How to keep your job when the threat of losing it is real
At some point in your career you are likely to experience a major change taking place in an organisation you work for that may impact the security of your job. With so much uncertainty, you still have choices. What you say and do, now until a decision is made will define who you are.
Organisation change agendas most likely focus on ways to improve performance by identifying inefficiencies in process systems and duplication of functions in an effort to reduce or contain costs.
You may walk into work one day to be told certain jobs or number of jobs need to be made redundant or that change is to occur in one major area of the business with high volume of retrenchments. The announcement will emphasise the need for change and if the organisation doesn’t do something about reducing risks things are likely to get worse.
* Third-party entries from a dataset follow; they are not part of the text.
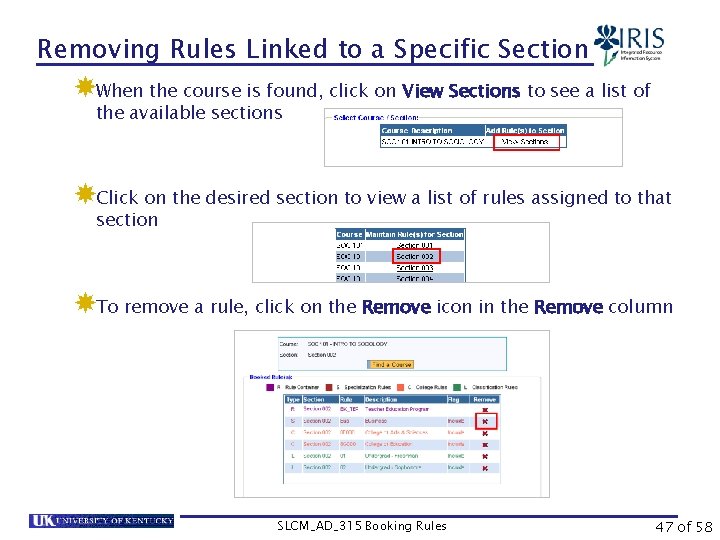 Removing Rules Linked to a Specific Section When the course is found, click on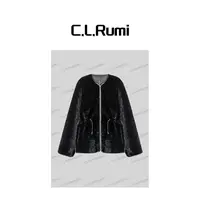 【Rumi精选】“黑桃”25冬季轻奢抽绳圆领羊皮毛一体皮草大衣7415wt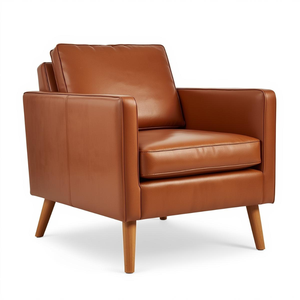 Sillón de Cuero Color Coñac de Estilo Moderno de Mediados de Siglo, Patas Cónicas de Madera Maciza, Elegante Sillón para Sala de Estar - Product Image 1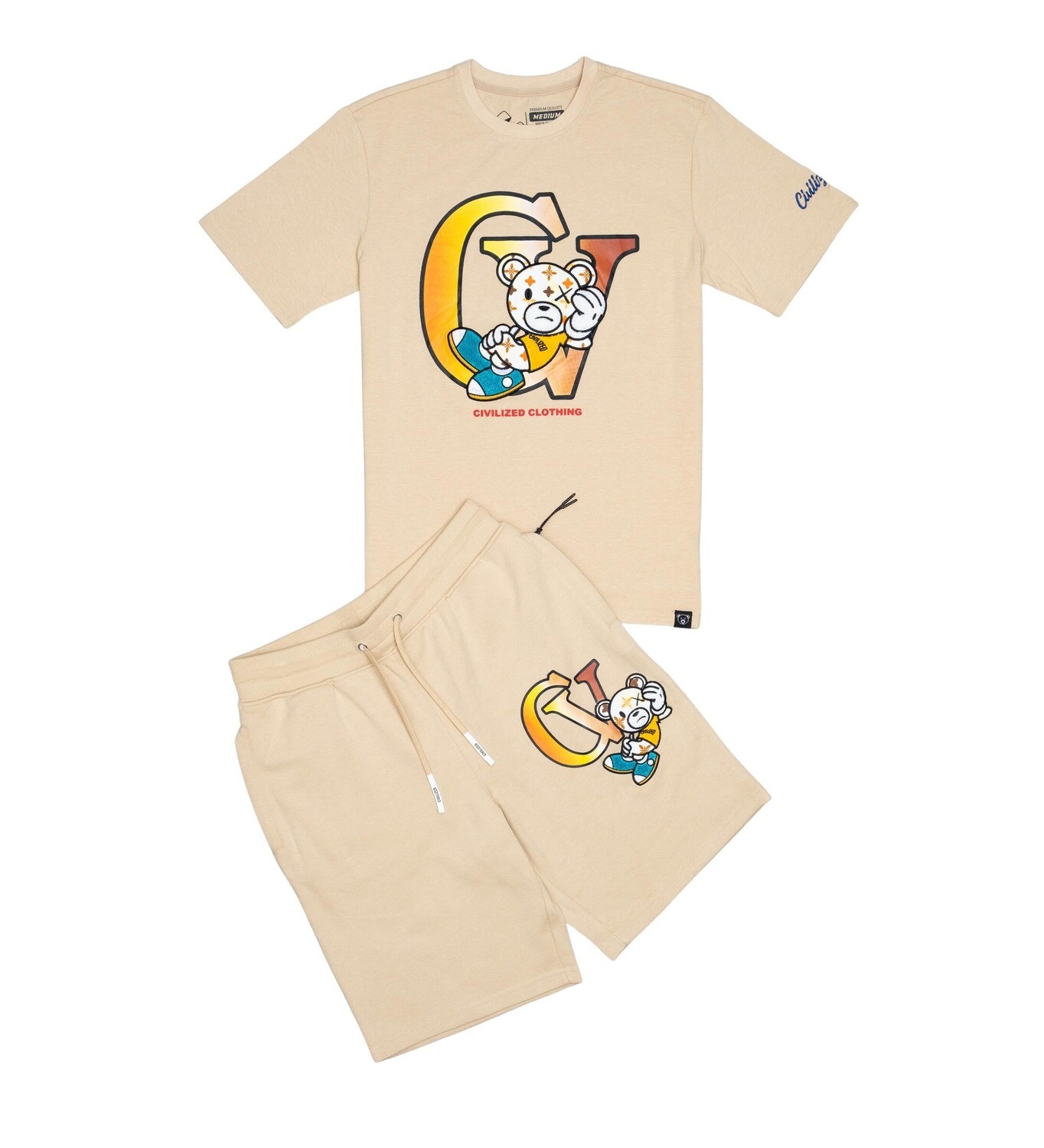 Civilized Bear Logo T-Shirt &amp; Short Set (Khaki)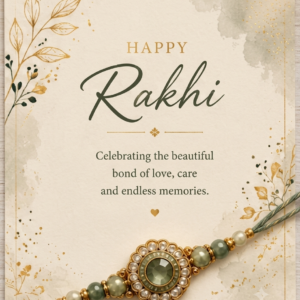 Sage Green Elegant Rakhi Card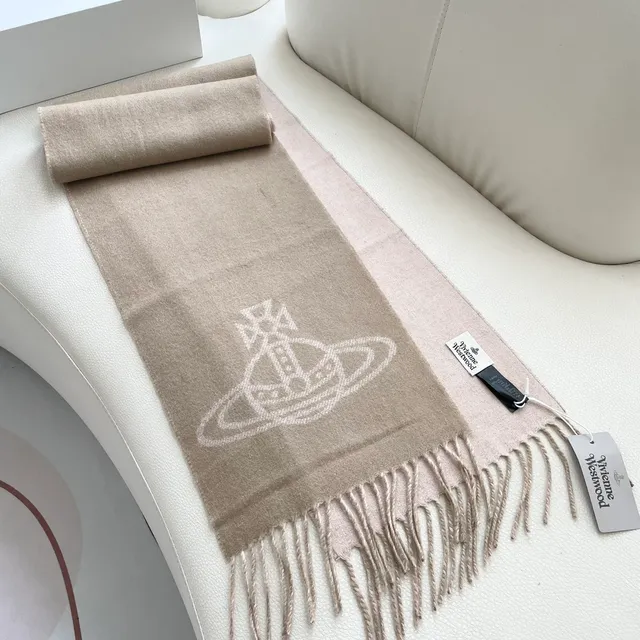Vivienne Westwood Orb Logo Cachecol Bege Duplo Lado Franja Cachemira Cachecol 5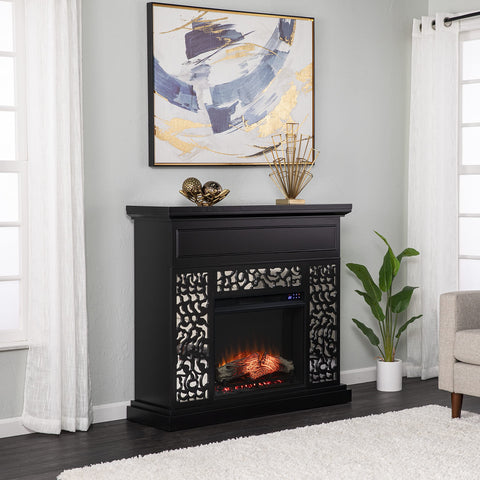 SEI Furniture Wansford Contemporary Electric Fireplace w/Touch Screen Control Panel - Black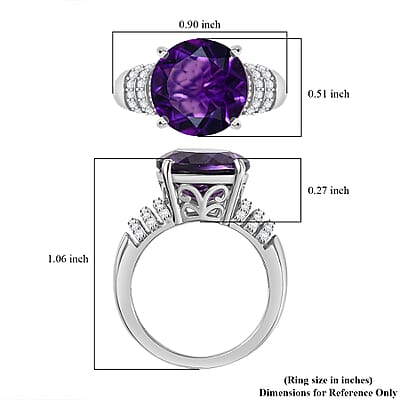 D'Joy African Amethyst and White Zircon 6.50 ctw Ring in Rhodium Over Sterling Silver (Size 10.0)
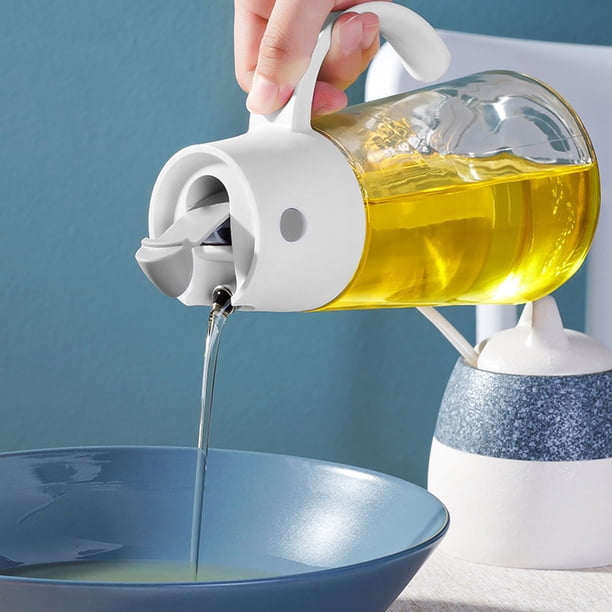 Botella de aceite de 680 ml, aceitera con cepillo dosificador, botella de aceite de oliva con apertura automática, tapa abatible automática para barbacoa, parrilla y cocina. Característica: dispensado
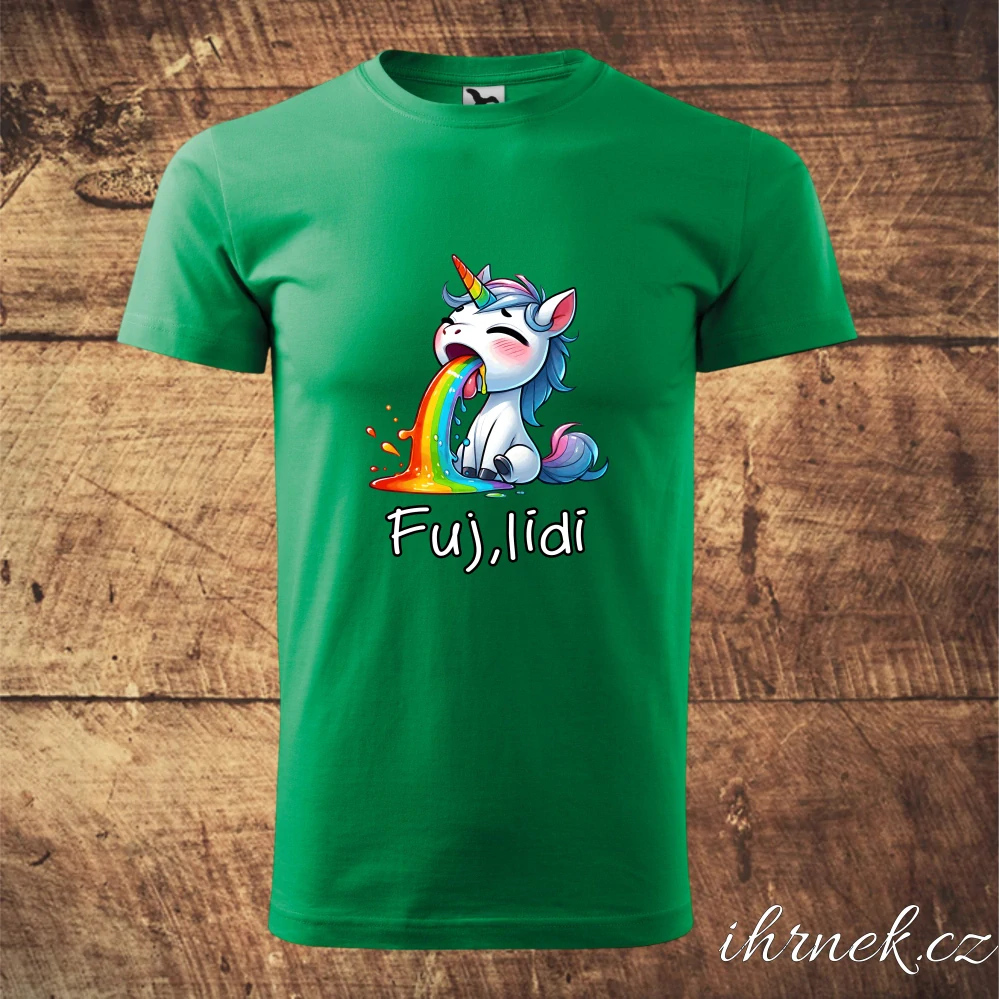 Tričko pánské Fuj, lidi - jednorožec - černé - pánské 2XL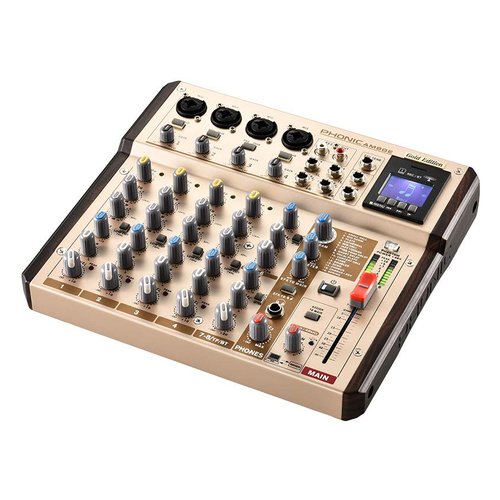 PHONIC AM 8 GE è un mixer a 8 canali con gain, comp, alti, bassi, efx, pan, master e peak led sui canali 1, 2, 3, 4 e efx, pan e master sui canali 7 e 8 PHONIC AM 8 GE è dotato di alimentazione Phant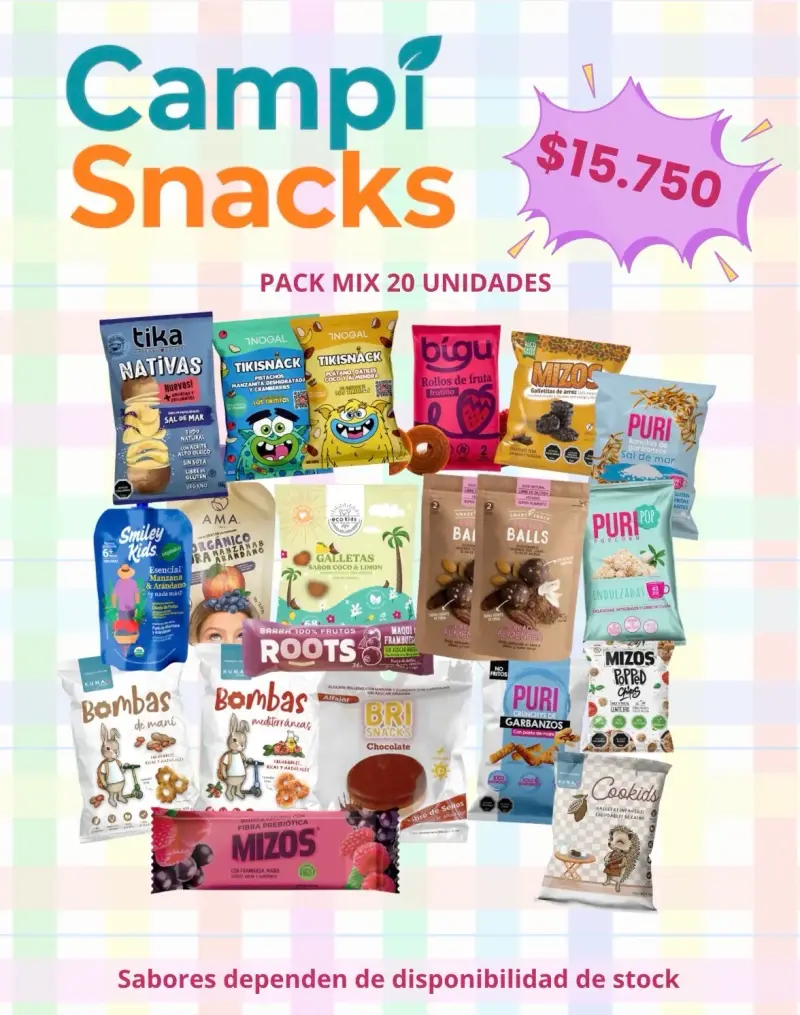 Pack de snacks variados 20 unidades - 1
Such announcements are incredibly hard to make from an organisations perspective and it’s very unlikely that the organisation has made such a decision without considering the magnitude of the impact this will have on employees. A process of consultation with staff and unions would no doubt be taking place, but the organisation has been very clear on the aspects of the proposed changes, such as cost savings, that are not negotiable. In other words, unless there is another way to save money, jobs will have to go.
This is an industry wide reality, change is the norm and in most cases likely to become YOUR reality.
Your initial reaction to this announcement will likely be shock accompanied with multitude of feelings and emotions. You may be in denial for a period of time, not quite accepting the announcement and from time to time you might be angry with the organisation for doing this to you and at the very worst you might experience feelings of depression. This is all incredibly normal. Thankfully there are support systems your organisation would have made available to you during this difficult period to help you cope with the potential circumstances and I hope you speak openly with your family to gain that personal support outside of work which is so vital.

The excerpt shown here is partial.